Ancora una volta, i giornali che più diffondono odio contro Israele sono Avvenire e il Manifesto. Susan Dabbous e Michele Giorgio diffondono odio e menzogne attaccando senza freno le scelte del governo israeliano.
Susan Dabbous termina l'articolo ricostruendo un episodio in questo modo: "Ieri, nel corso di alcuni scontri a Nablus, è stata uccisa una donna palestinese. Aveva 39 anni, la sua identità non è stata comunicata. È stata colpita nella città vecchia, teatro di violenze negli ultimi mesi tra forze di sicurezza e bande armate". E' un esempio tipico di disinformazione, menzogna omissiva e doppio standard: non viene ricordato il motivo per cui la donna è stata uccisa, non si fa cenno al terrorismo palestinese ma soltanto a generiche "bande armate", si diffonde l'idea che sia una vittima di Israele anziché una terrorista.
Michele Giorgio scrive del "sindaco israeliano di Gerusalemme", Nir Barkat. Perché "israeliano"? Giorgio avrebbe descritto Sala come "il sindaco italiano di Milano"? E' ovvio che Nir Barkat è israeliano perché Gerusalemme - semplicemente - è una città di Israele, la capitale per giunta. Aggiungere l'aggettivo "israeliano" vuole significare una cosa sola: far passare l'idea che debba esistere un sindaco non israeliano a Gerusalemme, ovvero che sia una città che non appartiene a Israele. Con una parola soltanto, la delegittimazione genocida dell'intero Stato ebraico.
Ecco gli articoli:
AVVENIRE - Susan Dabbous: "Primo sì in Israele per la sanatoria sugli avamposti"
Susan Dabbous
La Knesset
Passo storico ieri alla Knesset. Il Parlamento israeliano ha approvato, con lettura preliminare, una proposta di sanatoria retroattiva per legalizzare gli avamposti ebraici di Anona, vicino Ramallah, sorti su proprietà privata palestinese. Non si tratta dell'annuncio dell'ennesima colonia illegale, bensì dell'inizio di un braccio di ferro legale, che per la prima volta vede il Parlamento scavalcare una decisione della Corte Suprema dello Stato ebraico. I giudici infatti si erano già pronunciati sulla necessità di evacuare le case, abusive e costruite non a norma, entro il prossimo 25 dicembre, data in cui l'esercito avrebbe dovuto procedere alla demolizione.

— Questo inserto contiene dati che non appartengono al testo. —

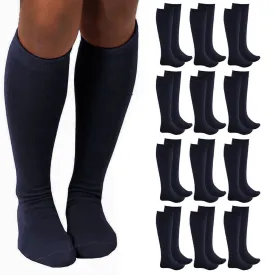 12 Pairs Knee High Socks Girls School Uniform Kid Athletic Tube Navy Size M 4-6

Le 40 famiglie che avrebbero dovuto lasciare le loro abitazioni si sono rivolte al governo, trovando l'appoggio del premier Benjamin Netanyahu e del ministro della Difesa Avidor Liebermann. Contrari erano invece il ministro delle Finanze, Moshe Kahlon, e quello dell'Istruzione, Naftali Bennet. Il primo per rispetto della magistratura, il secondo per antagonismo nei confronti del premier. Con un prevedibile colpo di scena, i due leader contrari al condono hanno però fatto votare i propri parlamentari in linea con l'esecutivo. Nessuno, infatti, aveva intenzione di aprire una crisi di governo.
Una dura condanna è arrivata dall'opposizione. «Questa è una legge da incubo. È il calare delle tenebre su un abisso», ha commentato il leader laburista Isaac Herzog. «La Knesset vota una proposta che va contro la legalità israeliana e contro il diritto internazionale». Contro l'iniziativa si sono espressi la leadership palestinese, l'Egitto, la Giordania e l'Amministrazione Usa. Il provvedimento passa ora in commissione. Intanto, sale la tensione con i palestinesi. Ieri, nel corso di alcuni scontri a Nablus, è stata uccisa una donna palestinese. Aveva 39 anni, la sua identità non è stata comunicata. È stata colpita nella città vecchia, teatro di violenze negli ultimi mesi tra forze di sicurezza e bande armate.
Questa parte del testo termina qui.